Descriptive Statistics¶

Measuring Central Tendency¶

Range: Largest observation – smallest observation
Quantiles: Split data like into equally numbered groups. Median into two, quartiles into 4
Interquartile Range: Range between top and bottom quartile. Shows where the middle 50% of the data lies. Not influenced by outliers
Standard Deviation: Average deviation from the mean. Measures homogeneity of individual values.

\[std = \sqrt{\frac{\sum(x_i-x_{mean})^2}{n-1}}\]

Some distributions

Normal (=Gaussian) distribution: Most common, unimodal, symmetrical. Other distributions tend to normalize when we increase sample size. Entirely defined by two parameters: means and std.

Normal Distribution

See the Statistical Tests section for info on testing or visualizing a distribution vs another.

Law Of Large Numbers: As a sample size grows, its mean will get closer and closer to the average of the whole population.
Central Limit Theorem: In probability theory, the central limit theorem (CLT) establishes that, in some situations, when independent random variables are added, their properly normalized sum tends toward a normal distribution even if the original variables themselves are not normally distributed. The theorem is a key concept in probability theory because it implies that probabilistic and statistical methods that work for normal distributions can be applicable to many problems involving other types of distributions.

Central Limit Theorem (wiki)

Standard Error: Standard deviation of the sampling distribution of a statistic, most commonly of the mean. It can be seen as how far the sample mean is likely to be from the population mean

\[SE = \frac{std}{\sqrt{n}}\]
95% Confidence Interval: For a gaussian distribution, the range in which 95% of the true population mean is likely to lie is defined by:

\[CI = [mean-1.96*\frac{std}{\sqrt{n}} , mean+1.96*\frac{std}{\sqrt{n}}]\]

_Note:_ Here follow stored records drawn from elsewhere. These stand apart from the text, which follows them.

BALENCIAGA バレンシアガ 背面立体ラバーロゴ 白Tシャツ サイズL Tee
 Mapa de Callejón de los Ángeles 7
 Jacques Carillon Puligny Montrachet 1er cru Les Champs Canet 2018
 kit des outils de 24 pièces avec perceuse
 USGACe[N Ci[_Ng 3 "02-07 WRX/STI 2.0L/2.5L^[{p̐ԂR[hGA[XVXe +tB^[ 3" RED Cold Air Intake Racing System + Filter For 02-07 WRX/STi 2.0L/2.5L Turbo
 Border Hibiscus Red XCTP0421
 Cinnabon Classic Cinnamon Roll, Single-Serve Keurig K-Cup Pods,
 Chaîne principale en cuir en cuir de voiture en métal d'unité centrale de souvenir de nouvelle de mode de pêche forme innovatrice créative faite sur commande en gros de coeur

1.96 can be replaced by other values for different percentages: 99%:2.576, 98%:2.326, 95%:1.96, 90%:1.645

May not be good for small sample size (<30) and very non normal distributions. In that case we can use the t-distribution to replace the 1.96

See Statistical Tests to choose the appropriate method. TODO ADD MEAT TO CORRELATION

Per Cohen (1992, Power primer):: 0.0 < abs(corr) < 0.3: Weak 0.3 < abs(corr) <= 0.5: Moderate 0.5 < abs(corr) <= 0.9: Strong 0.9 < abs(corr) <= 1.0: Very strong

We can use a scatter plot to visualize correlation.